Without the images, write out the whole listing exactly.

━━ Dataset extract ━━

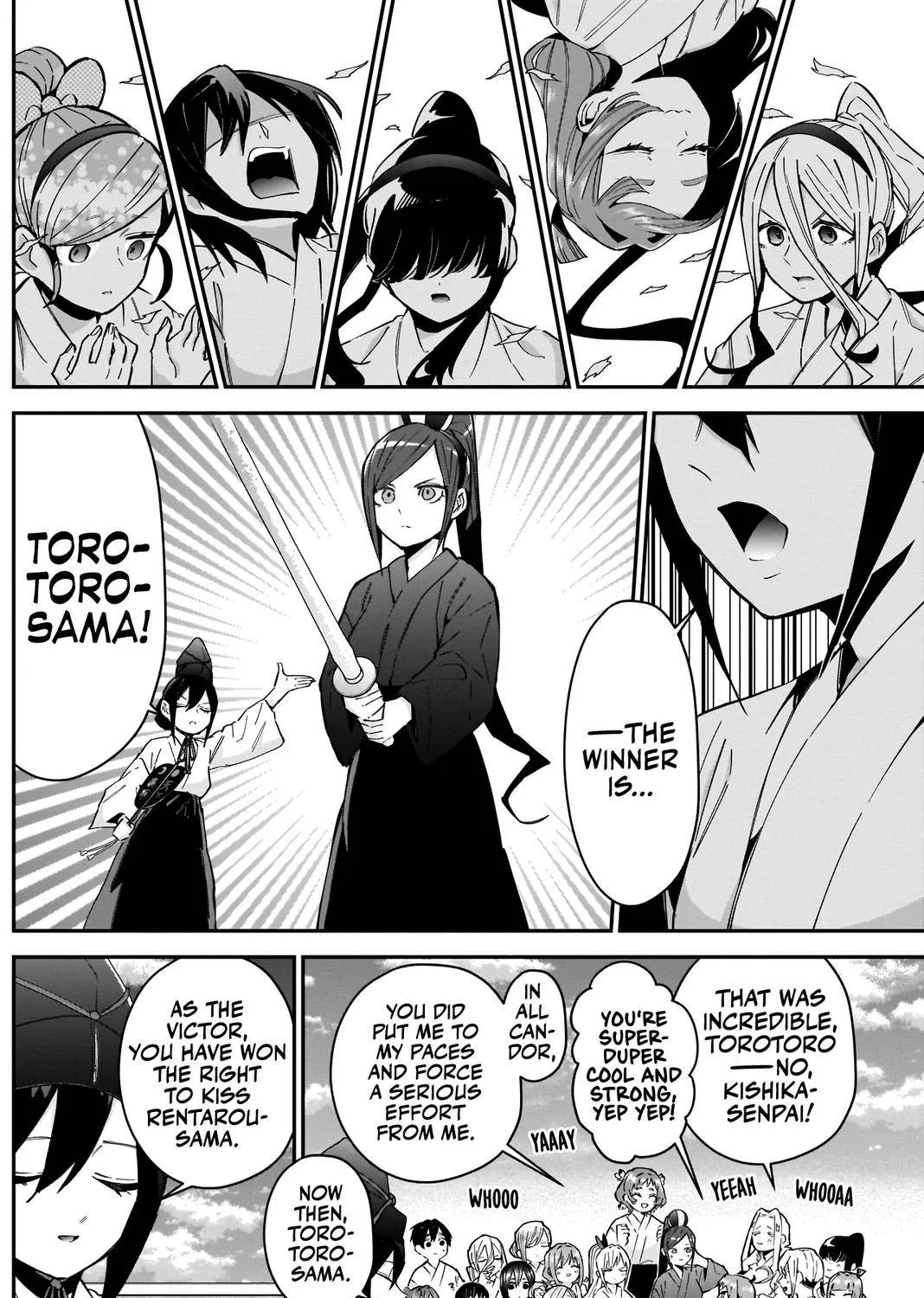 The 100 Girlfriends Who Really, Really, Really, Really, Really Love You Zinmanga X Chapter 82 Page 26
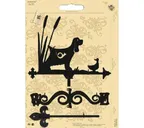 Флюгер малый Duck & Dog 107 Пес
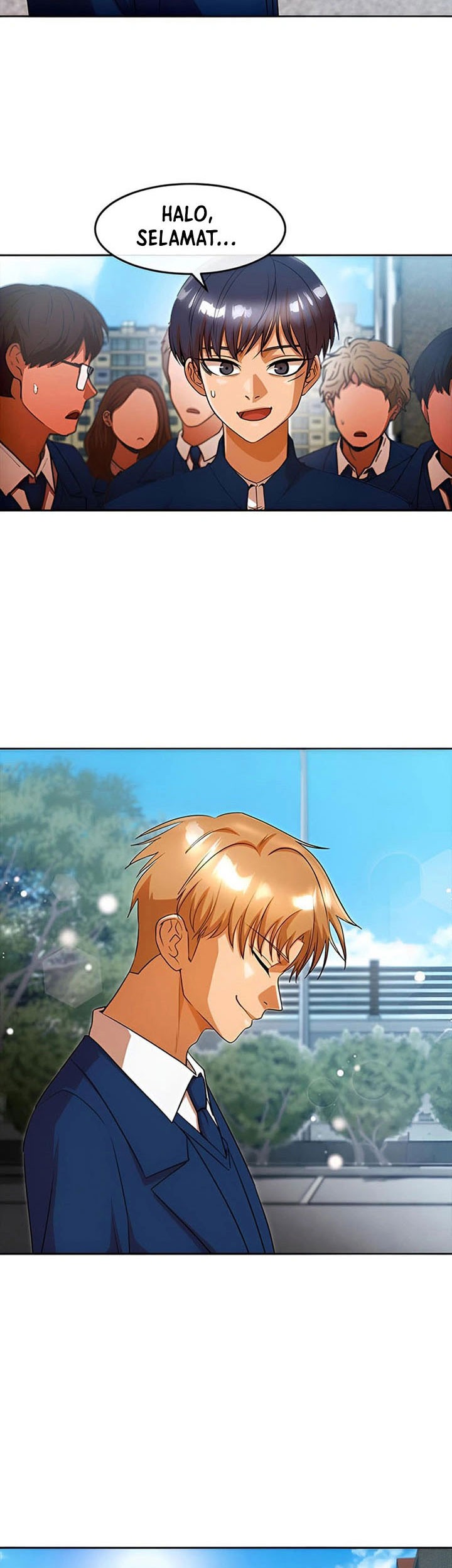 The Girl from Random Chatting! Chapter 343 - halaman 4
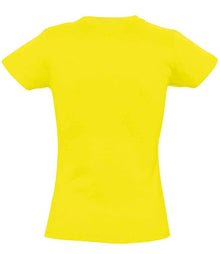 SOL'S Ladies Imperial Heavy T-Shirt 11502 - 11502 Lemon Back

━━━

Expected answer:
 The 100 Girlfriends Who Really, Really, Really, Really, Really Love You Zinmanga X Chapter 82 Page 26
 Флюгер малый Duck & Dog 107 Пес
 The Girl from Random Chatting! Chapter 343 - halaman 4
 SOL'S Ladies Imperial Heavy T-Shirt 11502 - 11502 Lemon Back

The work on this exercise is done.